As on all holidays after the service and before the noontime meal, we were taken to see our grandparents in Mühlwehrstrasse, so that they could lay their hands on our heads in blessing. But this time, Father was waiting for us, and his hands landed painfully on our backsides, while he explained that we had sinned. This method of education had an enduring effect, but a certain fear of my father's "quickness of hand" remained in me forever.
At that time Mergentheim was an ideal town for children - they could play in the streets undisturbed. The farmers' wagons left early in the morning for the fields and only returned at evening, loaded with hay and straw. There were very few horse-drawn coaches. Marie still took us on excursions to the park and told us old peasant stories all the while.
Now came the time for me also to visit the synagogue for the first time on Sabbath to offer the pennants Mother had embroidered with my name. For weeks in advance I was excited about this great experience, most especially because I was measured for my first men's clothing and at last was able to wear proper boy's trousers. After all these preparations the long awaited Sabbath arrived. I was most seriously instructed not to speak in the synagogue, and to remain quiet at all times. The totally new impression that the large synagogue hall made upon me, the gallery with the women and especially the many men, wrapped in black and white striped prayer shawls was in itself sufficient to render me speechless with astonishment anyway. For a short time I sank down among the high pews that completely blocked my view, and then Father picked me up in his arms and carried me to the pulpit. Here I handed over my pennants and could observe how they were wrapped around the Torah scrolls. Then Father carried me outside to where our nurse maid was already waiting to take me home.
Whereas up to now I had been under supervision and at the most could play in our courtyard, now I ventured into the streets where the show window of the toy shop especially had an irresistible attraction for me. I already knew that Father and Mother were not in a position to buy us playthings, so Just for that reason, everything on display in the show window seemed like fairyland: dolls in all sizes, whole armies of soldiers, guns, boxes of bricks and lead soldiers. Whatever toys we children had came from Aunt Therese from Karlsruhe and Aunt Auguste from Augsburg. At our grandparents' house we had a rocking-horse with real horse-hair and a leather saddle, which always received thorough use when I visited. A sabre that Father made himself and a newspaper helmet were completely sufficient to satisfy my military requirements.
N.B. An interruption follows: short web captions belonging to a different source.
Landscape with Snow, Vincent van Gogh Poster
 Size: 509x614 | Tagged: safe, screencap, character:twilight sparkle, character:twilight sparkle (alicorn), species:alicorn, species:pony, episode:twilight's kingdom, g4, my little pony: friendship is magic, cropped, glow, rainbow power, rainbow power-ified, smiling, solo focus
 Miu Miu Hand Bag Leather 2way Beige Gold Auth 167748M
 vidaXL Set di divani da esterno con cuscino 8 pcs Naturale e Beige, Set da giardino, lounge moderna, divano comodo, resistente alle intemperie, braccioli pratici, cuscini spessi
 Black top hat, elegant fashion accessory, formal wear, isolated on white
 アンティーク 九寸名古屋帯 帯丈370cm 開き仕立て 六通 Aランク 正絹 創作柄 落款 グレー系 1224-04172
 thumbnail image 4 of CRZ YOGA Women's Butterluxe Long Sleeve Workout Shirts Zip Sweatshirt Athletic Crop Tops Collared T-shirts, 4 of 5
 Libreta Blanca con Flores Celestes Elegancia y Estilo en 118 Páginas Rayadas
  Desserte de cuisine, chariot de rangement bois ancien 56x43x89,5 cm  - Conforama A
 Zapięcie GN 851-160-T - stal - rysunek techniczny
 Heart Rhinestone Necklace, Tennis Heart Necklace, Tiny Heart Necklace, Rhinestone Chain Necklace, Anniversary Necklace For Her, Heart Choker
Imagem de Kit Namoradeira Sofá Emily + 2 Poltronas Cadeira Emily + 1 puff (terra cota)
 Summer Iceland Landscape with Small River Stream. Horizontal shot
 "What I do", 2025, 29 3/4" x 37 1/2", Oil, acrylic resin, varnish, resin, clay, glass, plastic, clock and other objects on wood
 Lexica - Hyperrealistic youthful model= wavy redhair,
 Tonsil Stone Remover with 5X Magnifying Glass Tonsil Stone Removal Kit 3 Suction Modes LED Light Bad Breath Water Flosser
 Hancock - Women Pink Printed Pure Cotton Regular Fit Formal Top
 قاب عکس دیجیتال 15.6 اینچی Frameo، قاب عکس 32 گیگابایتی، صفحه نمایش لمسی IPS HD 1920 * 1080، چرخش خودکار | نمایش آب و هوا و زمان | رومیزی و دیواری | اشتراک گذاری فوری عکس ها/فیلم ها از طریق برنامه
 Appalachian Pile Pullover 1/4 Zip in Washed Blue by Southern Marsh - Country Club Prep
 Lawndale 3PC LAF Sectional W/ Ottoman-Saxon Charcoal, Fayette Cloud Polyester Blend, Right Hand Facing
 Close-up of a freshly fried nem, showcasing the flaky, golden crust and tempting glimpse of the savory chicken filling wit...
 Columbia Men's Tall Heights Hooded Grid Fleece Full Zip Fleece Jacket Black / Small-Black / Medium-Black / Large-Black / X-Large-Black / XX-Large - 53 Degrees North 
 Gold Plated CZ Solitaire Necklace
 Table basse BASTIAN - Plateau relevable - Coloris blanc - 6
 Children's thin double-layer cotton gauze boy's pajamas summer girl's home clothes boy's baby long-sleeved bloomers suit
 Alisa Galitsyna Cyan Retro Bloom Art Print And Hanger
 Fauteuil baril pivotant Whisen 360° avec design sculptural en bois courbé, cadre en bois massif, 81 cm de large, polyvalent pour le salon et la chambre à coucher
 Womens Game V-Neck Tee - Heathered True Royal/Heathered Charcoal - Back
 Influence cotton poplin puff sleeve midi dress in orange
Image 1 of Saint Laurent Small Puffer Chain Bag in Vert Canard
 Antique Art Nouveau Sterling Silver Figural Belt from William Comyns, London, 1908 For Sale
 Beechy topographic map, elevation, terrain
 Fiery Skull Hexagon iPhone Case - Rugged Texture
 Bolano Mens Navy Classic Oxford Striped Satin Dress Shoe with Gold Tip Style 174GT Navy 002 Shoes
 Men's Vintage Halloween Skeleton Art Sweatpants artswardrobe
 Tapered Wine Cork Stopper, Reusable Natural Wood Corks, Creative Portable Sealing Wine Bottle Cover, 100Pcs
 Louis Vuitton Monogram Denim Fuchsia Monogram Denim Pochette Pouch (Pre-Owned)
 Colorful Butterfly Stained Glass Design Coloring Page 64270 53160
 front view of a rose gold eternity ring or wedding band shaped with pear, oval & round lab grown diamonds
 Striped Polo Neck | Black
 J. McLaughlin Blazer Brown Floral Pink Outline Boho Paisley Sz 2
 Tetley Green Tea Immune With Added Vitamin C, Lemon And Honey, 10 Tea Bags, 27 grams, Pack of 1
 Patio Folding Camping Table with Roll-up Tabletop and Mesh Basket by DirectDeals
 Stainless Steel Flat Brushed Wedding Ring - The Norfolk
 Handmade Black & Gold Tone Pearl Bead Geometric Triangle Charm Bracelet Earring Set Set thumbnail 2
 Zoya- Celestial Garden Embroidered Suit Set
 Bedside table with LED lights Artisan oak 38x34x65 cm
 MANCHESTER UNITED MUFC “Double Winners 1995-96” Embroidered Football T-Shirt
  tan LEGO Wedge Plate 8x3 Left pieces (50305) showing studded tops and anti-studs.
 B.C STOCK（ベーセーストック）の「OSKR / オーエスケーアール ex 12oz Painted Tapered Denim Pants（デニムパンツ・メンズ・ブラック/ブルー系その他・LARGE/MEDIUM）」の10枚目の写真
Every horse I saw increased my enthusiasm for this animal, and I would dream of lying in the stable with them and being warmed by their powerful bodies. I could not understand why they had to pull such heavy loads and I wished that all wagons could be pulled by steam engines. Nevertheless I was terribly afraid of them and was entirely satisfied to marvel at them from a distance. When the soldiers returned from their drills and marched through MUhlwehrstrasse, it was not the music alone that made my heart beat stronger with joy, but the captain on horseback. The Royal Wtlrttemberg 122nd Infantry Regiment had its barracks in the castle, and one could watch them being drilled every day by their officers. Playing at soldiers was therefore a favourite pastime for even the youngest children. However I was not overly thrilled by having to obey others' commands.
Nearly every day Rosel and I visited our grandparents, who lived on the first floor of Bessler's saddlery in MUhlwehrstrasse. Since the Bessler family's children were our age, it was understood that we would become friends and play with each other. When little Anton's mother sent him to the neighbouring butcher to pay a bill, I could accompany him. The butcher gave us both a little bit of sausage that we devoured with gusto immediately. Frau Bessler told me later that I should not have eaten this gift, since it was not kosher, and she warned me never to tell anyone about it. Since I had not forgotten my tale of woe with money on Sabbath, I was grateful for this warning and took great care not to let any hint of this incident become known.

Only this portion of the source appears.